Arizona & Utah MTB Trail Recommender Engine
Ryan McDonald- Data Scientist
Problem Statement
For anyone new to mountain biking, or new to a specific trail area, the task can be daunting:
“Which trail should I ride?”
“Which trails will offer the best training?”
“Am I going to get hurt riding this particular trail?”
“Can I bring my dog? Ride my E-Bike?”
The wrong choice can set a rider up for failure, or even worse… injury. In hopes of providing new-to-the-area riders an alternative to blind guesses, a trail recommender system has been developed to better guide riders to more enjoyable riding experiences! This project will provide two, value-added resources to riders!
- A rider will be able to select certain attributes they want to experience on the trail. Adjusting distance, climbing, descent and trail difficulty, etc. will provide the user with a trail to enter into a content=based recommender system that will display the top 10 most similar trails to try!
- User data will also be pulled and a rider could use the user-based binary recommender to link up with similar riders!
Executive Summary
Two different types of recommenders were developed with data pulled from MTB Project mountain bike trails in Arizona and Utah. A content-based trail recommender, and a collaborative binary user recommender.
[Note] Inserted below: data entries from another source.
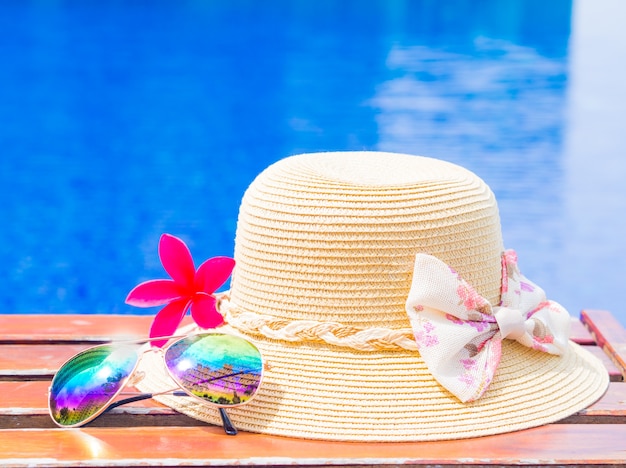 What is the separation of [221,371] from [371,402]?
25 centimetres

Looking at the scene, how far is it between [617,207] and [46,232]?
2.98 m

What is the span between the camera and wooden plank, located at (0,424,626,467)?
4.35ft

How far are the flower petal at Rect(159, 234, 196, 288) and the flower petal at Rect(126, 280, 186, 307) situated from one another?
2 cm

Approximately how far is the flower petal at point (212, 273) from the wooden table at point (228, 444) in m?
0.23

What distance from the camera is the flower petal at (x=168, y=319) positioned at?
63.1 inches

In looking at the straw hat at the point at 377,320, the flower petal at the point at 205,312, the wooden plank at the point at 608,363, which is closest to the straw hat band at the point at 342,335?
the straw hat at the point at 377,320

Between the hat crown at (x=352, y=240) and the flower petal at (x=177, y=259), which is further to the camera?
the flower petal at (x=177, y=259)

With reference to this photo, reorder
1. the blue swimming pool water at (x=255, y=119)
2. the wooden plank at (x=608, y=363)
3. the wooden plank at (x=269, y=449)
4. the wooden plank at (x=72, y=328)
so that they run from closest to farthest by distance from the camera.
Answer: the wooden plank at (x=269, y=449) < the wooden plank at (x=608, y=363) < the wooden plank at (x=72, y=328) < the blue swimming pool water at (x=255, y=119)

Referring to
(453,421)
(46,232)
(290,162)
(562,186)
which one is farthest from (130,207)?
(453,421)

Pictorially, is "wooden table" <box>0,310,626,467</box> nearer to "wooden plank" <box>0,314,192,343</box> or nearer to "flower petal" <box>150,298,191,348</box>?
"flower petal" <box>150,298,191,348</box>

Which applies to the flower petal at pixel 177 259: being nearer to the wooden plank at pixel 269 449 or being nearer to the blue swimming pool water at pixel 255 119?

These two models take in a matrix of pairwise distances and output a list of features based on cosine similarity scores in respect to the trail or user that was entered into the recommender. The biggest effort for this project was retrieving and cleaning the data.
-
Trail data required extensive cleaning and formatting. Data also needed to be segregated into several separate dataframes to be utilized for the recommenders as well as the trail dashboard.
-
An accompanying web app was developed with Streamlit and deployed on Heroku for user to be able to interact with trail features as well as run the content-based trail recommenders for Arizona and Utah mountain bike trails.
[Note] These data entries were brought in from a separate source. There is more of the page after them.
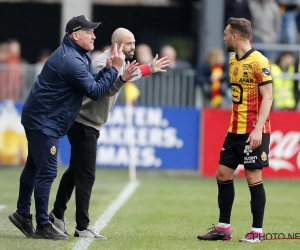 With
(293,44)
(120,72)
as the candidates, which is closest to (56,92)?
(120,72)

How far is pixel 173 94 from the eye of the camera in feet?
56.6

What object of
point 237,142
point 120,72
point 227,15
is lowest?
point 237,142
Arizona/ Utah trail Dashboard
Data Description
Data utilized for the project analysis was obtained through utilization of the OctoParse web scrapper API tool. Data was pulled from 6 unique pages within the MTB Project webpage (one of the leading organization for trail and user data within the mountain biking community).
Data was collected on all registered mountain bike trails in Utah and Arizona. This project will be continued nationwide (an additional 40,000 trails) post-course when there is time (approx 13 days) to scrap the remainder of data needed.
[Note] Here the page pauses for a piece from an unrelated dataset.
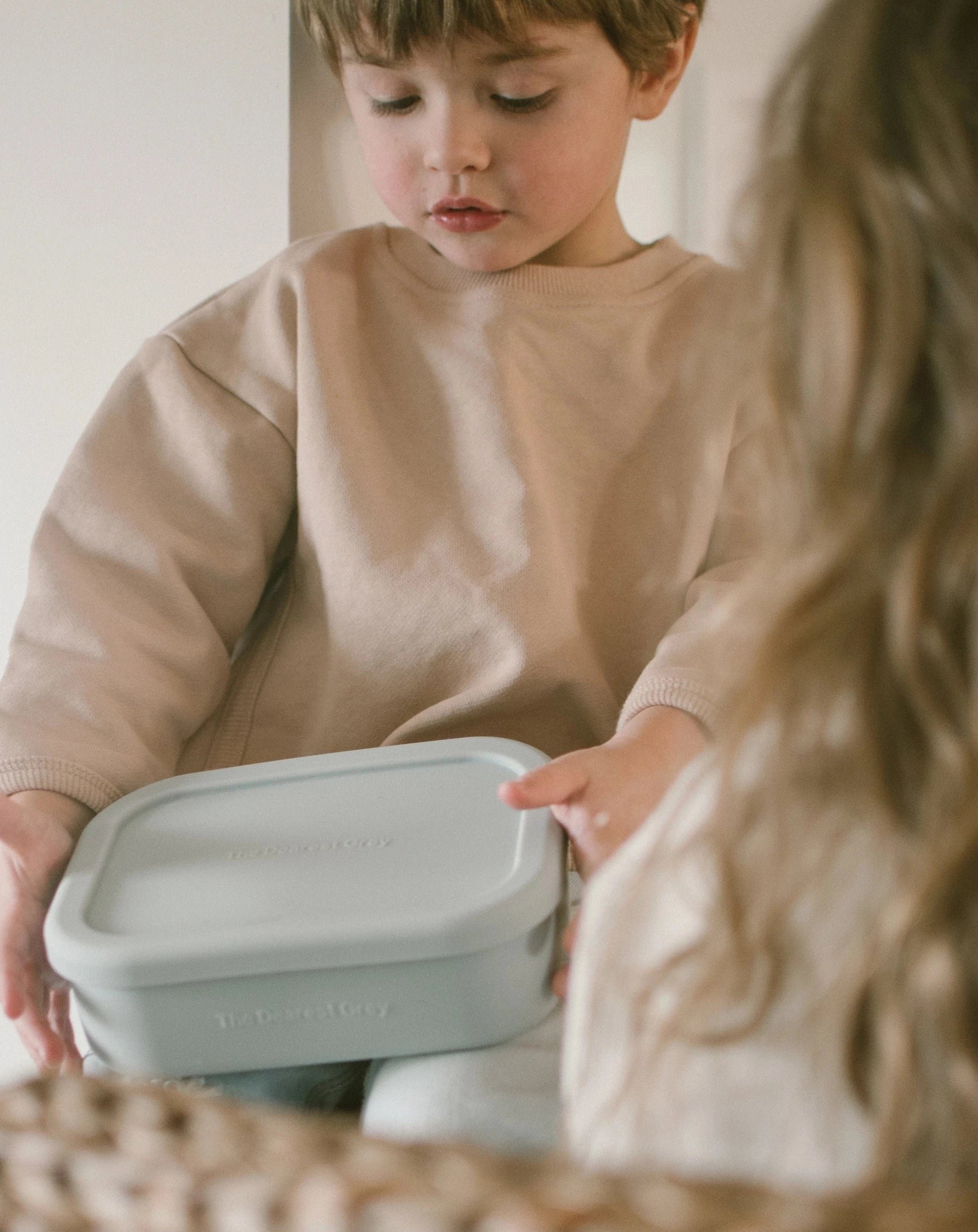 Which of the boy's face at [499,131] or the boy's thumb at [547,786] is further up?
the boy's face at [499,131]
User data was also scrapped from the web. Approximately 12,000 user check-ins were gathered from MTB Project and incorporated into the user-based collaborative binary rating recommender system.
Trail feature data along with user data collected is described, below:
Data Dictionary created for this analysis
|
|
The following tools were utilized in analysis:
|
Analysis
-
A function was developed to handle all of the user data cleaning for each states raw data retrieved from MTB Project.
- Cleaning provided correctly formatted user data in structured CSV files that could then be manipulated in another notebook to create the recommender.
-
A function was also developed to handle formatting and scaling of the nearly 2000 trail datapoints and all the subsequent trail stats within each point. This function will be utilized again once the remainder of nationwide trail data has been successfully gathered.
- Again, this data was separated into several CSV files (some scaled, some combined, etc.) in order to be used for the trail dashboard as well as the content-based recommenders.
-
All data was transfered into a sparse matriz based on pairwise distances to other trails/users. This could be used to find cosine similarities for all combinations of trails or users and entered into the recommenders.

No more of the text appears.